Data shown:
┄┄┄┄┄┄┄┄┄┄┄┄┄┄┄┄┄┄┄┄
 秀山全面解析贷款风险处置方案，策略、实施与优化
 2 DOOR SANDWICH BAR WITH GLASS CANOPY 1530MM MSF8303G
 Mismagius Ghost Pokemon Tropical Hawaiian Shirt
┄┄┄┄┄┄┄┄┄┄┄┄┄┄┄┄┄┄┄┄
Give back the whole listing. Match it exactly.

 秀山全面解析贷款风险处置方案，策略、实施与优化
 2 DOOR SANDWICH BAR WITH GLASS CANOPY 1530MM MSF8303G
 Mismagius Ghost Pokemon Tropical Hawaiian Shirt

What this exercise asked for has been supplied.